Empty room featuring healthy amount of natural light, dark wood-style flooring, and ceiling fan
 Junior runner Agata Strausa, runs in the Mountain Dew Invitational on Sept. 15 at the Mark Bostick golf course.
---
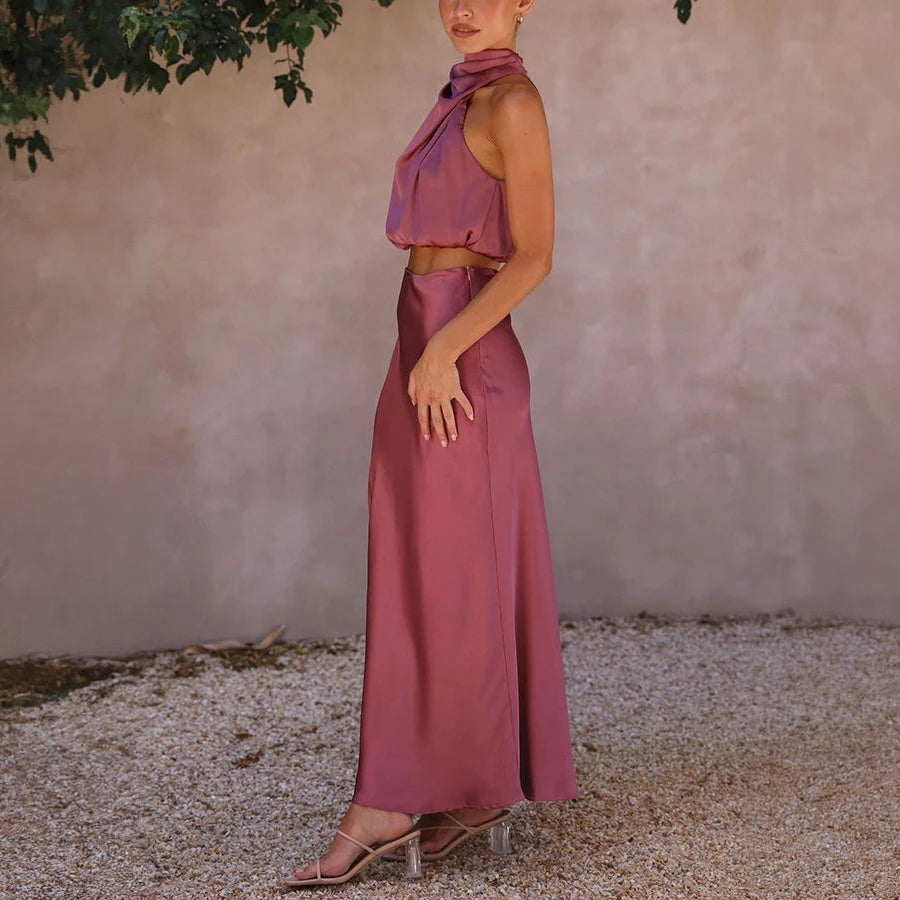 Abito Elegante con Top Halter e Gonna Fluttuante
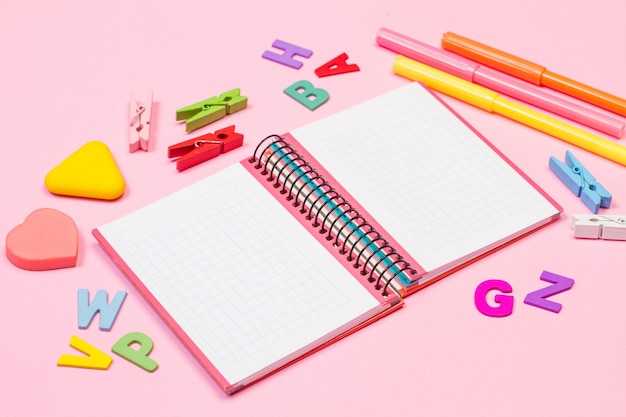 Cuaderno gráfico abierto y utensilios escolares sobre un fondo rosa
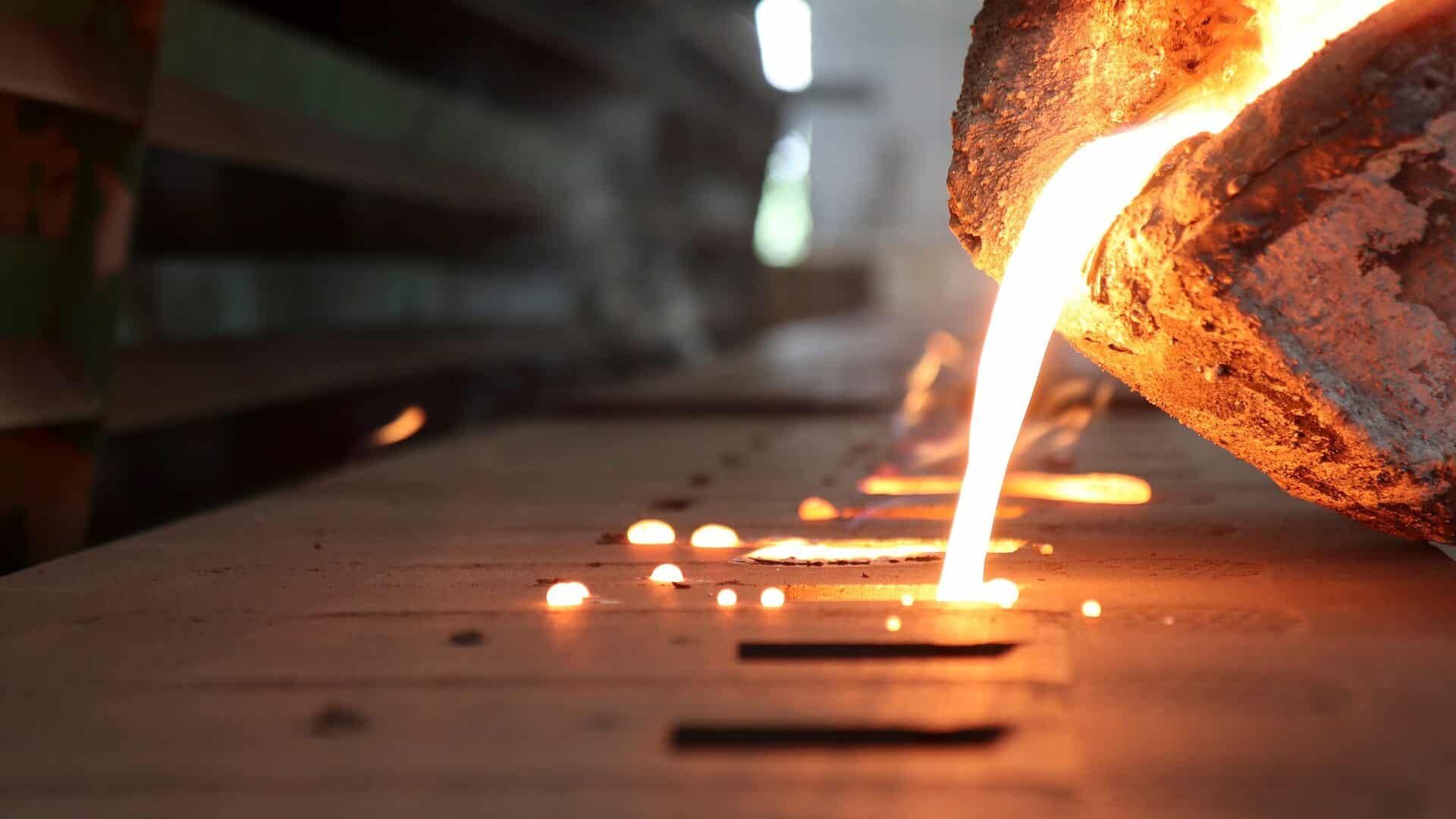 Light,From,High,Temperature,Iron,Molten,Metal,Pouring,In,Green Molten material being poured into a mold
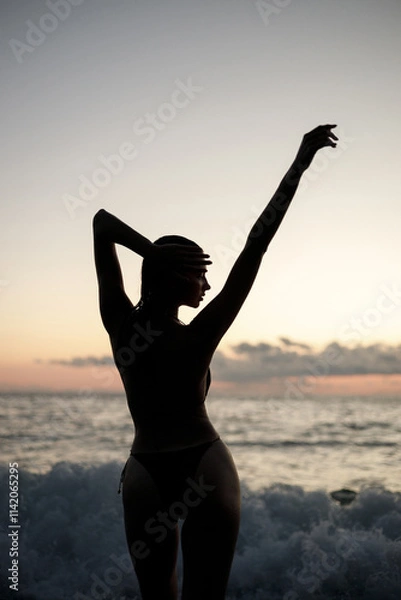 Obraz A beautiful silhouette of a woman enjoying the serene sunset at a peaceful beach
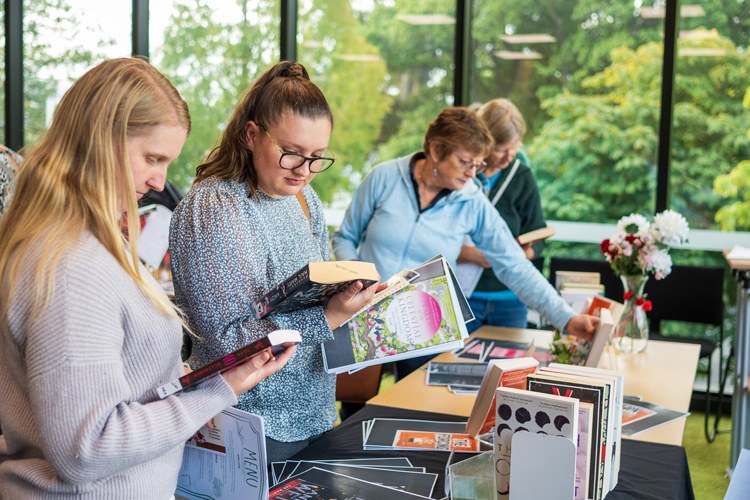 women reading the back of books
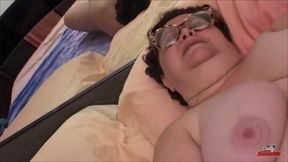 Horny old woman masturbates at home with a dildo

▶ **Exercise brief**
Above are the records; from them, give again exactly the lines from the one containing "Empty room featuring" through the one containing "Junior runner Agata", both included.

▶ **Exercise response**
Empty room featuring healthy amount of natural light, dark wood-style flooring, and ceiling fan
 Junior runner Agata Strausa, runs in the Mountain Dew Invitational on Sept. 15 at the Mark Bostick golf course.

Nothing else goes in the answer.